Research:Data introduction
This page introduces the basic concepts researchers and data scientists should know to start working with Wikimedia data. For an overview focused on data sources and ways to access them, see Research:Data.
The goals of this document are:
- Start building your understanding of the Wikimedia data landscape.
- Set your expectations about what data is available and the challenges involved in working with it.
- Alert you to unique qualities of Wikimedia data and infrastructure, and help you avoid common analysis pitfalls and misconceptions.
- Introduce you to major data domains, and direct you to more specific information about data sources, access methods, and analysis techniques within each domain.
Essential concepts
[edit]Wikimedia projects are some of the largest, most complex, multilingual knowledge bases ever created.
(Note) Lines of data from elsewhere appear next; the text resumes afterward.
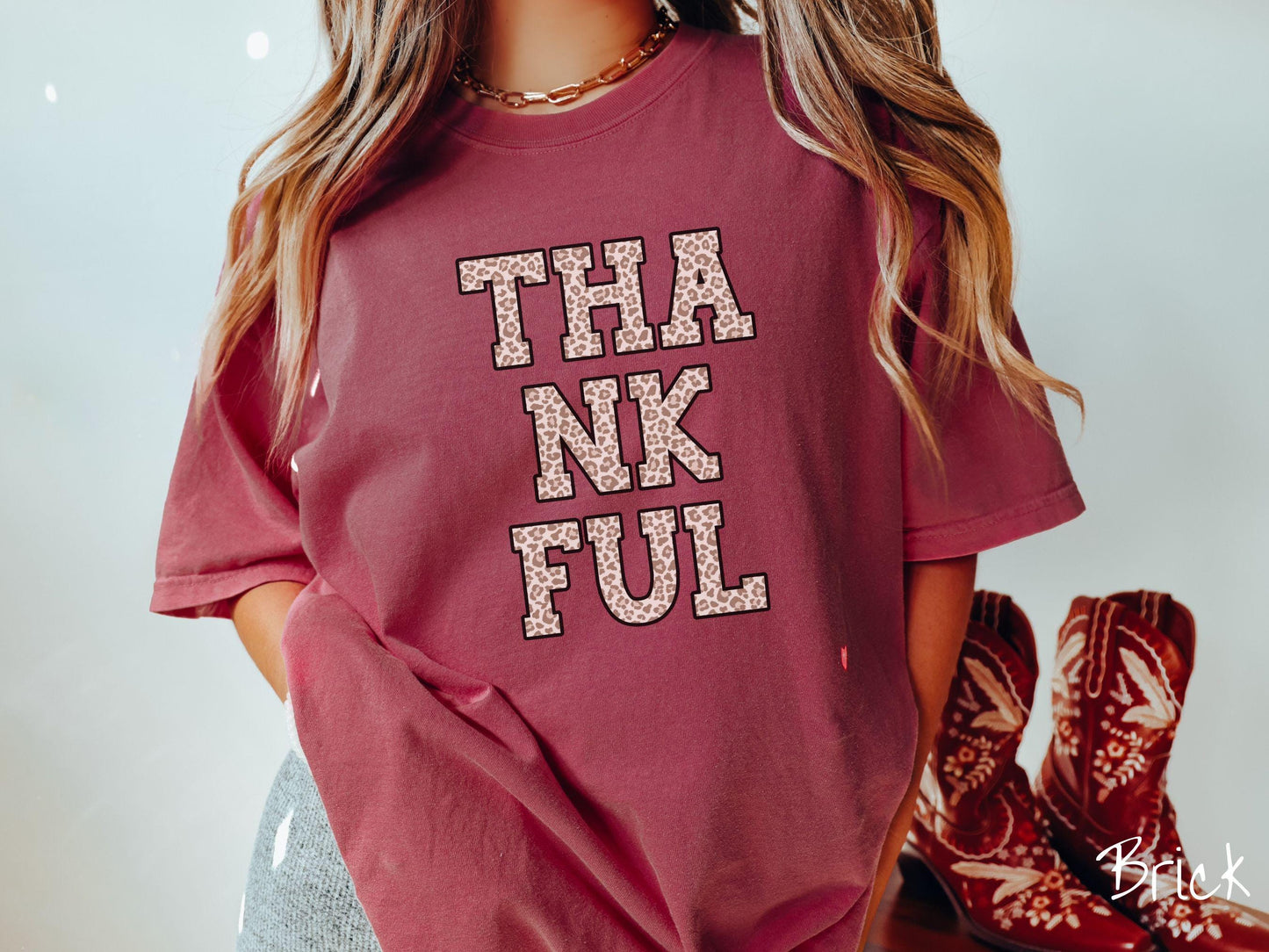 A woman wearing a cute, vintage brick colored Comfort Colors T-shirt with the text THANKFUL in capital letters stacked in three rows across the front. The letters are in ivory, light brown, and dark brown colored leopard print font.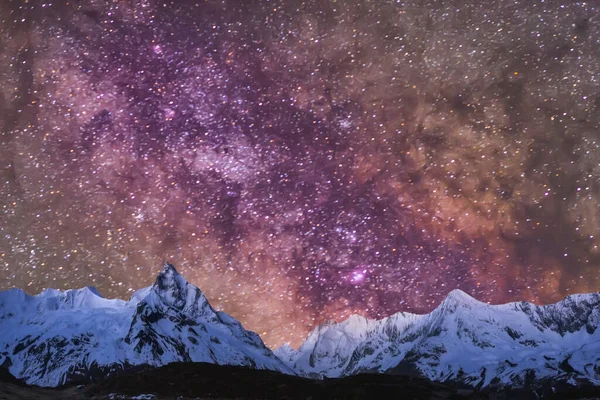 Güzel yıldızlı gökyüzü ve dağlarda kar, yıldızlı ve karlı gece gökyüzü.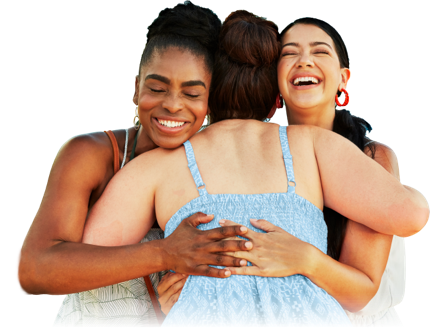 Three women embrace while smiling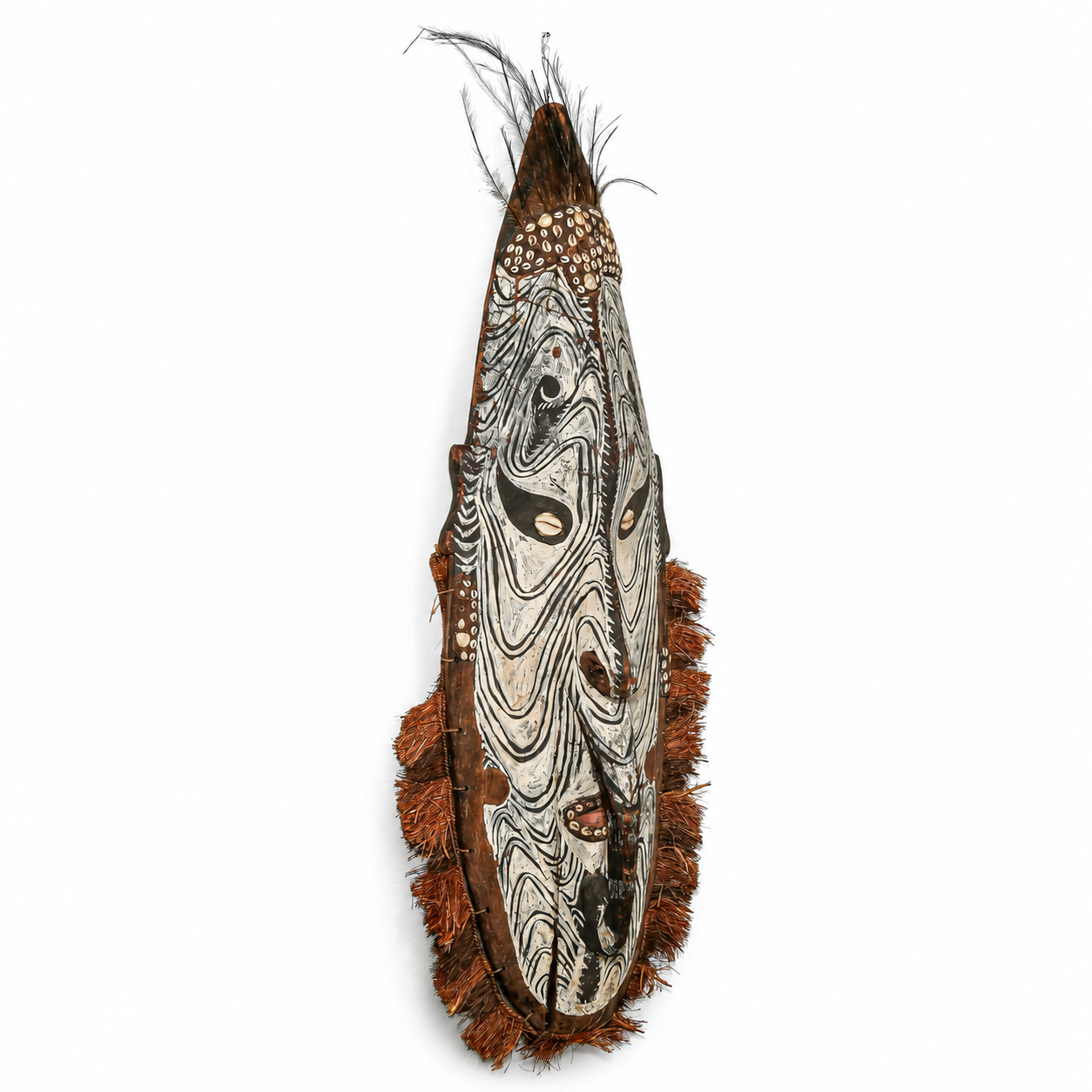 Decorative mask with intricate patterns and feathers on a white background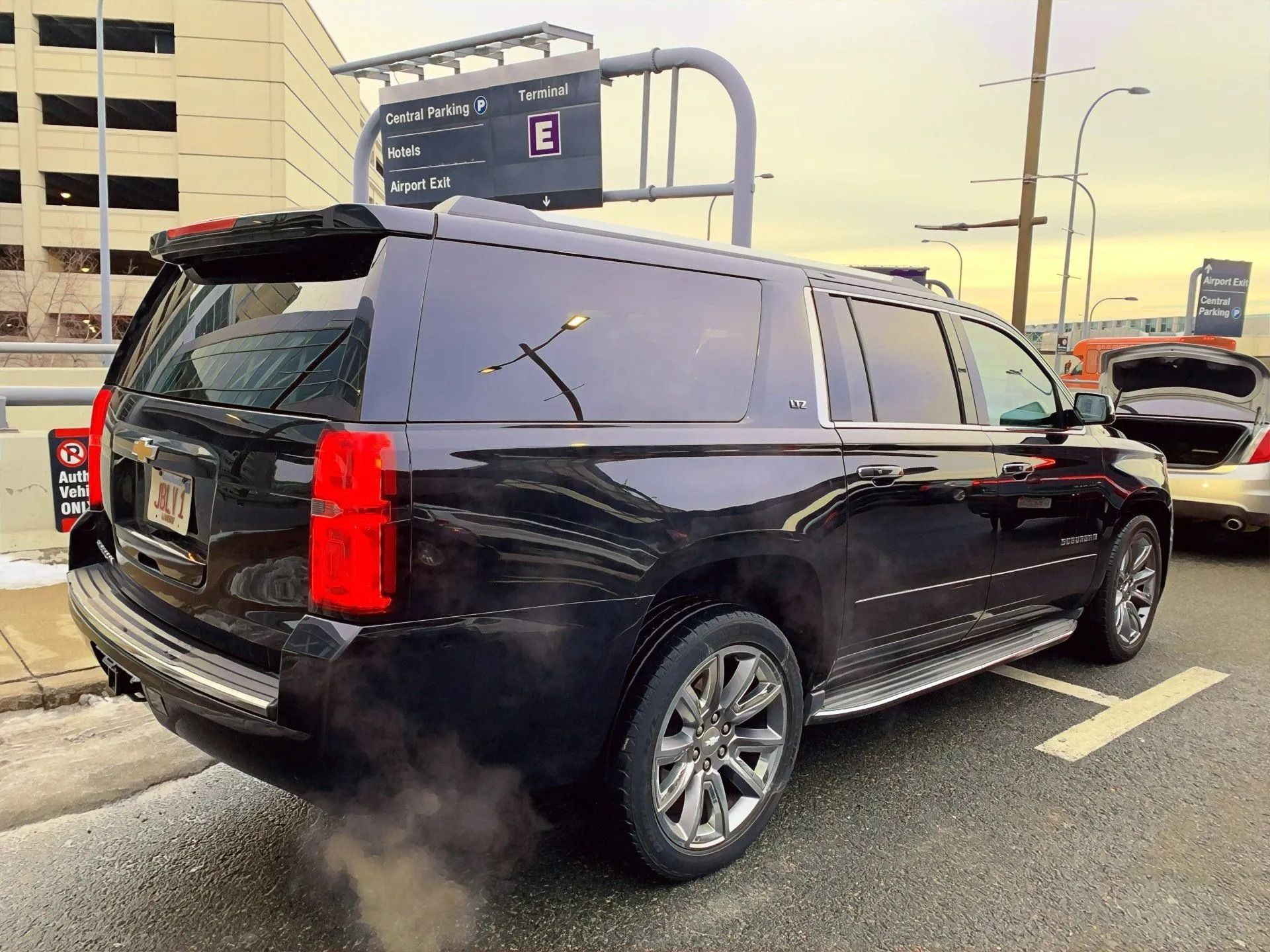 Black SUV parked at an airport terminal, exhaust visible, silver rims, red taillights.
That makes Wikimedia data interesting and useful, but it can also be confusing and complex. To avoid making false assumptions or analysis mistakes, and to save time identifying data sources for your work, you should understand these fundamental characteristics of Wikimedia projects.
Wiki projects are more than Wikipedia
[edit]Wikipedia may be the most well-known wiki project, but there are 18 official Wikimedia projects. The term "wiki projects" usually refers to all the open knowledge wikis supported by the Wikimedia Foundation, which includes Wikipedias, Commons, Wikidata, Wikisource, Wiktionary, and more.
In addition to those "core content projects", Wikimedia wikis include many other projects. Those projects may also include content, or they may focus on other types of activities and contributions that support the movement.
Why does this matter for your analysis?
Being aware of the full range of wiki projects can help you avoid omitting relevant data, or making incorrect assumptions. For example, if you're analyzing wiki content, you may want to consider how Wikipedia articles use images from Commons, and that both images and articles can have associated Wikidata statements. You may also want to investigate if communities are creating content related to your area of inquiry in sister wiki projects.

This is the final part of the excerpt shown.